# Mount Jefferson, NH 1-31-2015



## deadheadskier (Jan 31, 2015)

When I moved to New Hampshire six years ago and became aware of Mount Jefferson, I immediately began to wonder if it was skiable.  As I settled in and got to know a few people in the community, I'd ask around if anyone had ever skied it.  The typical response was, maybe some cross country skiing in the flat lands to the north of the Mountain, but definitely no downhill attempts that anyone recalled.

After several reconnaissance missions during the summer seasons, I announced plans last summer for a first decent down the South Face of Jeff.  All whom I spoke to concerning this desire expressed tremendous doubt.  I was told, "That pitch and that exposure?  You would need historic amounts of snow to even consider it."   I would not let the naysayers deter me.

Fast forward to this winter and it was looking like the season would pass me by with no chance at summiting and descending Mount Jeff.  However, just like that, Mother Nature this week delivered the historic snowfall needed and I began hatching a plan.  Today would be the day.

A little after 4PM I reached the trail head with the summit looming in the background.  

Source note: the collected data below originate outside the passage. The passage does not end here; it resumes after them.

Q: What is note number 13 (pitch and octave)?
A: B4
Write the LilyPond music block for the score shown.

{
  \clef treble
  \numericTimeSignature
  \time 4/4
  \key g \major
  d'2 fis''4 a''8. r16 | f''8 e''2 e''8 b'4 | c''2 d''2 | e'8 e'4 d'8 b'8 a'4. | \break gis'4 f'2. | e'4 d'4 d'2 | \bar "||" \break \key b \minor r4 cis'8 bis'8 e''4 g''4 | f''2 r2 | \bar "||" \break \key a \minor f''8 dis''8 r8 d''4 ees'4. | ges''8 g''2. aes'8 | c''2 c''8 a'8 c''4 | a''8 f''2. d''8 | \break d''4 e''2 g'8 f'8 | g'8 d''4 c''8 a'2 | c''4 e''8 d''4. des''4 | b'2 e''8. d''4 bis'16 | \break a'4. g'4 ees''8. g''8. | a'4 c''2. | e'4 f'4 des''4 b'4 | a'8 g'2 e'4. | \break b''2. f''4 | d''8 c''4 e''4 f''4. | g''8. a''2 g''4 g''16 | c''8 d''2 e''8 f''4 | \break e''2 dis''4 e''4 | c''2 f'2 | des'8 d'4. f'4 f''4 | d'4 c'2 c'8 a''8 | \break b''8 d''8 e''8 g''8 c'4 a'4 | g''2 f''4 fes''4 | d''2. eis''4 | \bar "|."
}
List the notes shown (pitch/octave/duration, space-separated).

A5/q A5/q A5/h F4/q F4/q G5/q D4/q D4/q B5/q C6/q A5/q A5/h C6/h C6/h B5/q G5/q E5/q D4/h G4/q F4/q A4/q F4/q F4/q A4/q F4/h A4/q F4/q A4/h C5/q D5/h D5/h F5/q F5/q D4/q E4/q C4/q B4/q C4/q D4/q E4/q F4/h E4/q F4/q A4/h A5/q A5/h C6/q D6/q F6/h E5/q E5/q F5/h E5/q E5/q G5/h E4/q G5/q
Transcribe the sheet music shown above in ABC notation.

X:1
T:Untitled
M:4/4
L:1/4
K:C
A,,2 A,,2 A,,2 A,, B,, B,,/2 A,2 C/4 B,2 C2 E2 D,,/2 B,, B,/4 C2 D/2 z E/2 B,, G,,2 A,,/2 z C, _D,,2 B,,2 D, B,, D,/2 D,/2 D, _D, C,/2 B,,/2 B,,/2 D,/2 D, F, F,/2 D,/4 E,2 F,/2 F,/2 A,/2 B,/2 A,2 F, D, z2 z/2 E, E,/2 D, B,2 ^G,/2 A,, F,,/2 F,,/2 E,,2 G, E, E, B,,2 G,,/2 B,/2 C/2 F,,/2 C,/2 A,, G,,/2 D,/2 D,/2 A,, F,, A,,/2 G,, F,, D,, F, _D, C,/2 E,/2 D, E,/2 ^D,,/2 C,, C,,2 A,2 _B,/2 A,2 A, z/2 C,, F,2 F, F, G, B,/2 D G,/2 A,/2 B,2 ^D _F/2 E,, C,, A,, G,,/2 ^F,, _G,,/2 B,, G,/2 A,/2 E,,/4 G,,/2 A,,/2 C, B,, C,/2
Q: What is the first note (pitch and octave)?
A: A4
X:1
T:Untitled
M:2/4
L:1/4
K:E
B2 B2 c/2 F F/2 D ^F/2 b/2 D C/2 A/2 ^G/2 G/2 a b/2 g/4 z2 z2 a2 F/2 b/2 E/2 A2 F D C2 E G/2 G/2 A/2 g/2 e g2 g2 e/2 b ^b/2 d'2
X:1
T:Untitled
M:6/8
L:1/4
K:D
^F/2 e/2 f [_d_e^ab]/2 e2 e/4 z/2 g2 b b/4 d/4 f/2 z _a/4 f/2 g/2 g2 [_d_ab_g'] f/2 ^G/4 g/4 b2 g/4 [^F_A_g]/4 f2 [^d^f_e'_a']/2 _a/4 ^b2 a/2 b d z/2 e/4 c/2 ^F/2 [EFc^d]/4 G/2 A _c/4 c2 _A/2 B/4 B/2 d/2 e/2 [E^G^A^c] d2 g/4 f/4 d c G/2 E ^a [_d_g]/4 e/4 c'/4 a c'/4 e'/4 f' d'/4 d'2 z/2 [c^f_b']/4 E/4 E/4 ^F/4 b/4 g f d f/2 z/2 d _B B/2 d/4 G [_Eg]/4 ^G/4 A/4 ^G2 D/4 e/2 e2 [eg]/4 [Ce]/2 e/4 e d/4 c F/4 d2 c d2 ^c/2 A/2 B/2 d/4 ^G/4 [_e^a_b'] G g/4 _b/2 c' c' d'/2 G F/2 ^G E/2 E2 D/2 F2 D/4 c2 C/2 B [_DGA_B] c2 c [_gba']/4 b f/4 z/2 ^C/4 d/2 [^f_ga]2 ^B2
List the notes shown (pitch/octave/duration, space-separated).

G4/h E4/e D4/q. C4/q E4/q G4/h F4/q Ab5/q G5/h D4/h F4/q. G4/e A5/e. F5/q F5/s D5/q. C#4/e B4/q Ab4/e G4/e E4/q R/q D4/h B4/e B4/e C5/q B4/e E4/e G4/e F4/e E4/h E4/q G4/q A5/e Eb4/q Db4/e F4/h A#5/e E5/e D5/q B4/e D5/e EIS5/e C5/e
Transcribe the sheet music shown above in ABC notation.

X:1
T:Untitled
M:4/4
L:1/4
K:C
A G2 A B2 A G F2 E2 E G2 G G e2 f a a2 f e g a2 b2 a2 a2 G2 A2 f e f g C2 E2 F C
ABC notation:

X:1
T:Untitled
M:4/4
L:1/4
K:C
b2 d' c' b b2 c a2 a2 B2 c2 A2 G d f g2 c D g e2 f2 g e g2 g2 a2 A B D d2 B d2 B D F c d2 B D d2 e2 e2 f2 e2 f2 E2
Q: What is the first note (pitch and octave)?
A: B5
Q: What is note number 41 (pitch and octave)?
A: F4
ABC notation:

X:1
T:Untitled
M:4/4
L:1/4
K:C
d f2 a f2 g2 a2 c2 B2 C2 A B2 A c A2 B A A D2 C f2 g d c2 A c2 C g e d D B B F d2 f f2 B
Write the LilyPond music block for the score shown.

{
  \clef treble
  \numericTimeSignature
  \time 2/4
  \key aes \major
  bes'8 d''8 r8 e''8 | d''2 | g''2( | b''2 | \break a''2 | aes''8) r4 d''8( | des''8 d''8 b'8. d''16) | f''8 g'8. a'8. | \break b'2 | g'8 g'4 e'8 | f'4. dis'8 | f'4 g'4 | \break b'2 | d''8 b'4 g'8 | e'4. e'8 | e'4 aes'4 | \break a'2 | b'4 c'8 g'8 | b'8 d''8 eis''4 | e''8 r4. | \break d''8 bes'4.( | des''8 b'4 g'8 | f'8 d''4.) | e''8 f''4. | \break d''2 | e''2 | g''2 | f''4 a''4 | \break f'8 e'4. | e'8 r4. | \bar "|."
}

I began my ascent around the perimeter.  I have a set of Marker Dukes and released the heels and made my attempt at skinning (without skins).  I was a clumsy fool moving along the trail often heading backwards.  It was clear I would not make the summit until dawn if I didn't employ other tactics.  I removed the skis and would hike straight up the fall line.  One problem?  My Dukes were jammed with snow.  I couldn't for the life of me get them to latch back down. I was melting down like a petulant child.  My dreams were going to be shattered because of an equipment malfunction!!  (read: me being an idiot and not knowing how to use my equipment).  I had to swing my skis like a baseball bat against an adjacent tree to free the snow to allow the heels to lock down.  With the bindings re-positioned for the descent, I hoisted my skis on my shoulder and trudged forward.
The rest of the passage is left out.